I remember the first time I ever saw a microwave oven. It was about 1978, and my dad’s college roommate who lived in Tennessee had one. He showed my dad how to make an egg in it, which maybe took 30 seconds, and my dad was sold on the concept. As soon as we got back home from our visit to Tennessee, we acquired one of our own. Food preparation was a whole lot quicker after that.
My kids, who have never lived in a world without microwave ovens, might be excused for believing that anything more than three-and-a-half minutes is an eternity to wait for food. All of the prep work for food is done somewhere else, and all that’s left to be done is to take the carton from the box, set the timer, and wait a couple of minutes.
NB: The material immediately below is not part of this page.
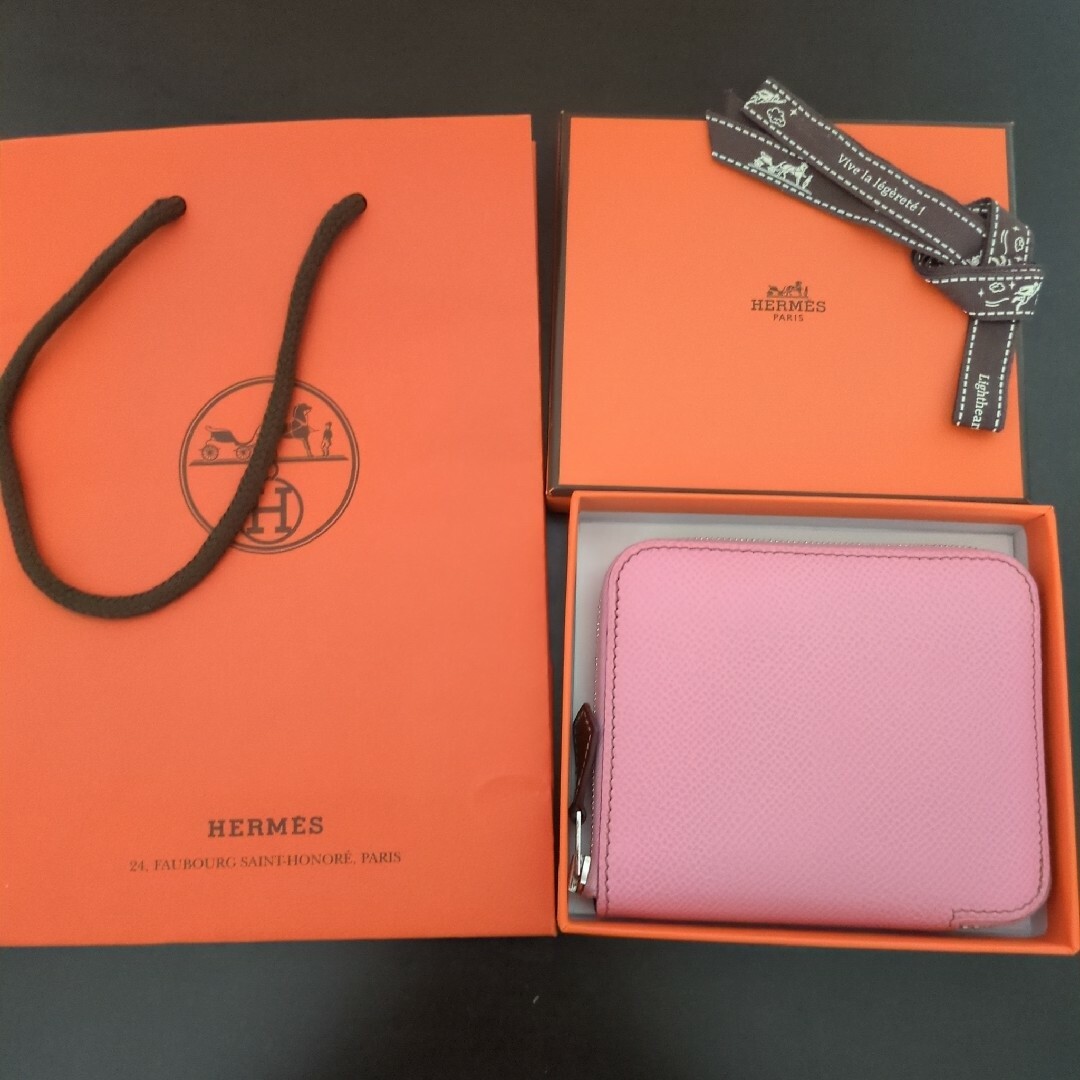 Hermes(エルメス)のHERMES　アザップシルクインコンパクト レディースのファッション小物(コインケース)の商品写真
Anything more than that is beyond comprehension to them.
That sort of mindset seems to have spilled over into sporting goods, as well. The sporting goods store itself is a thing of the past, with places like Wal-Mart and Target being the place to go for sporting goods today. This evening I was in a Target store with my teenager, wandering the aisles looking for a few things, when I came upon a by-product of the microwave mentality. I knew that I had to say a few words about it here. That’s why I do this, after all.
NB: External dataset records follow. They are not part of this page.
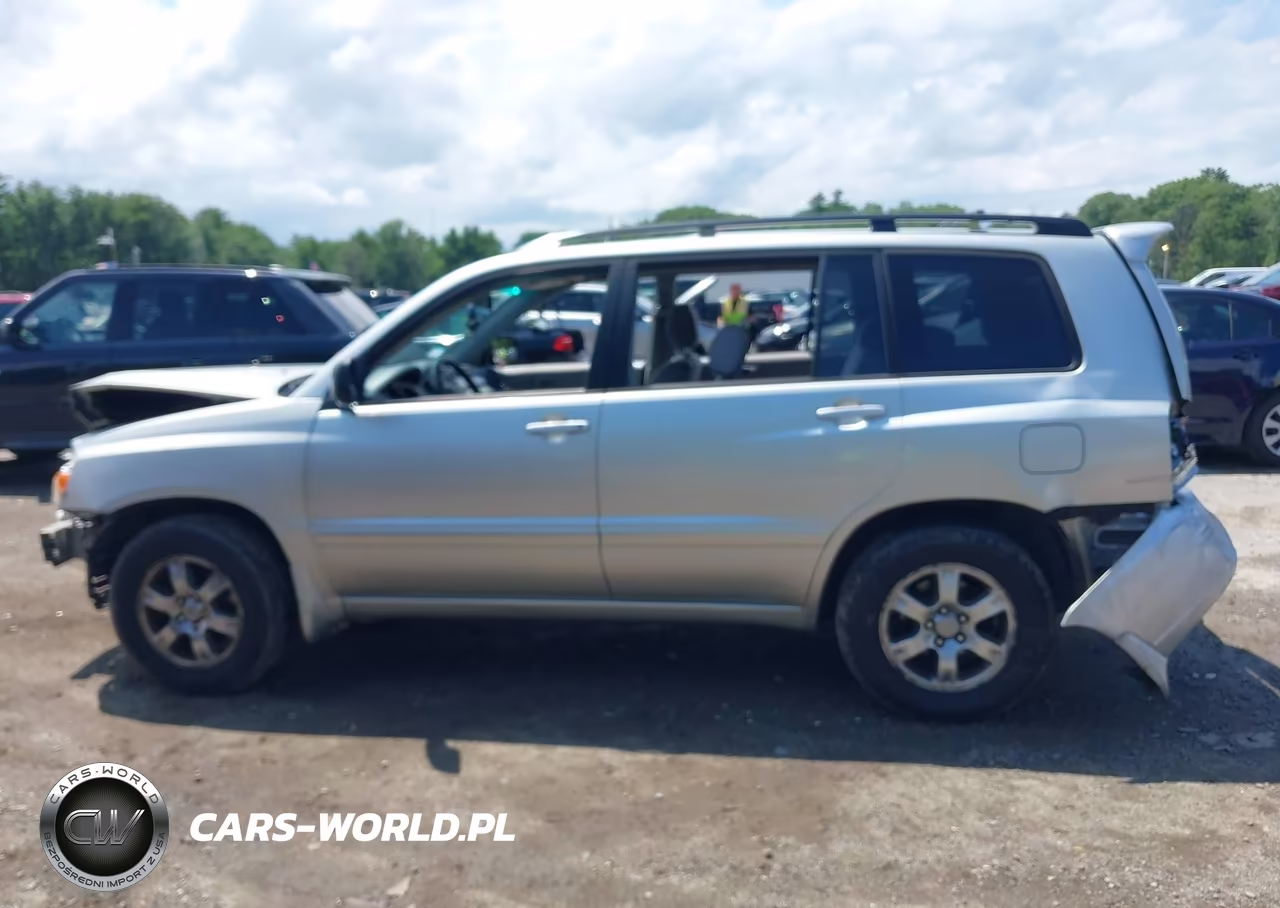 2007 Toyota Highlander 3Rd Row VIN:JTEDP21A570129941 - 15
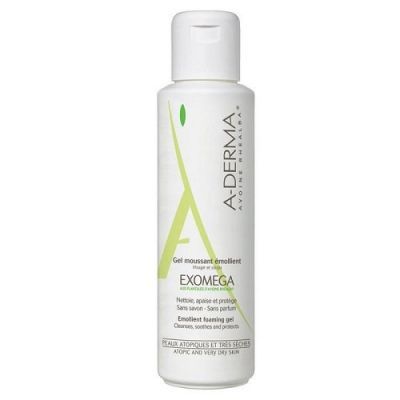 A-DERMA EXOMEGA Żel pieniący do kąpieli 500 ml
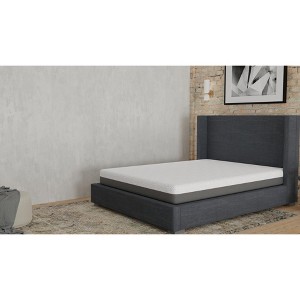 Cesicia 10" in Queen Medium Firm Mattress With Phase Change Cooling Fabric - 1 of 4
I was walking past a sporting goods aisle (there are two or three in the store) when I noticed their baseball gloves. I picked out a Rawlings model (left-handed, of course) and tried it on my hand. It was indicated as being for 7-9 year olds, which is about how old I was when I got my first glove. And this glove was black, too, just the way mine used to be when I was a kid. But there was a big difference between the glove on my hand in the picture above (I’m on the left, in the catching position) and the glove that was on my hand this evening in Target.
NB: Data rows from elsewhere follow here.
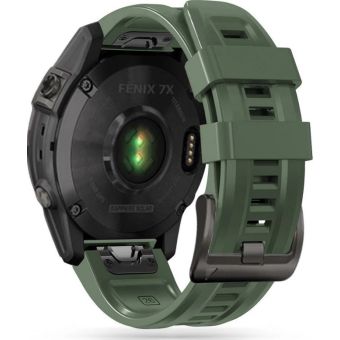 Remienok Tech-Protect Iconband Garmin Fenix 3/3 HR/5X/5X Plus/6X/6X Pro/7X zelený
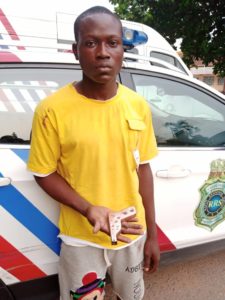 LAGOS POLICE ARREST  SUSPECTED TRAFFIC ROBBERY KINGPINS, RECOVER ARMS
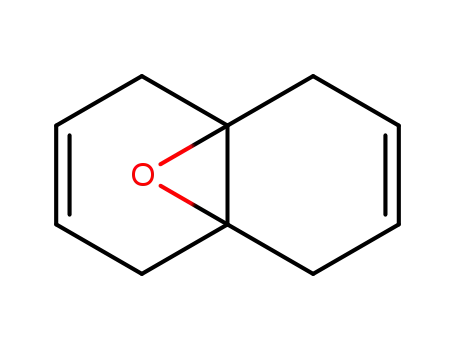 Molecular Structure of 16573-72-1 (4a,8a-Epoxynaphthalene,1,4,5,8-tetrahydro-(9CI))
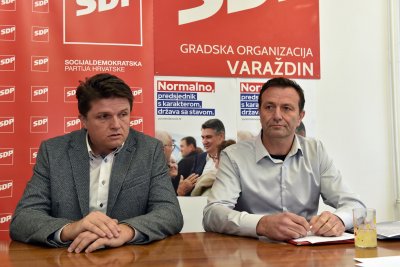 SDP o Čehokovoj politici: &quot;U proračunu nikad više novaca, a oni bi se opet zaduživali&quot;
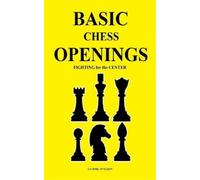 Lyudmil Tsvetkov Basic Chess Openings (Tascabile)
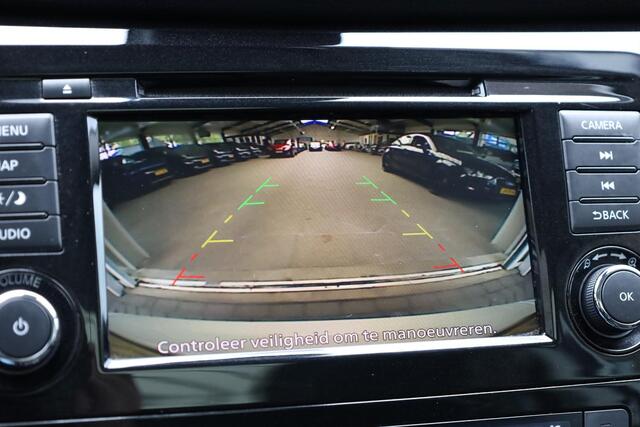Nissan QASHQAI 1.3 DIG-T N-Connecta CAMERA PANO ALL-SEASONS CARPLAY CRUISE DAB NAVI STOELVERWARMING 18"LMV ENZ.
The difference was that the glove on my hand was described as being “game ready,” which is a term for a glove that’s already broken in. My glove, and the glove of my friend Scott in the picture, and the glove of every young kid in the 1970s, didn’t come in “game ready” condition. It came stiff and uncomfortable. There was one way to have a game ready glove, and that’s what we were doing in the picture.
We played catch in the back yard. We also played on baseball teams (but different ones, because I’m a year older than he is), and we played “hotbox” a lot, too. You basically had two players with their goves on, guarding two bases, and a runner trying to reach one base or the other safely. It was hours of fun for baseball-playing youth who didn’t have video games to distract them. Or sometimes, when it was dark outside and playing baseball wasn’t an option, I worked my glove by essentially pounding the ball with my left hand into the glove on my right hand. It was like playing catch with myself, really.
The payoff, after about a year or so of playing baseball all the time, was a glove that was properly broken in. That’s a lot better than “game ready,” in my mind, because an attachment to something was formed along the way. And a kid today, assuming he wants to play baseball in the first place, doesn’t have to break his glove in anymore. He can just skip the trouble and get a “game ready” model, instead. But he’s missing out on something by doing it this way, even if he doesn’t know what that something is.
This sounds like me being a humbug. And, truth be told, I love my microwave just as much as the next person does. But breaking in my baseball glove was a corner that I didn’t cut, and all these years later, I’m happy that it turned out that way.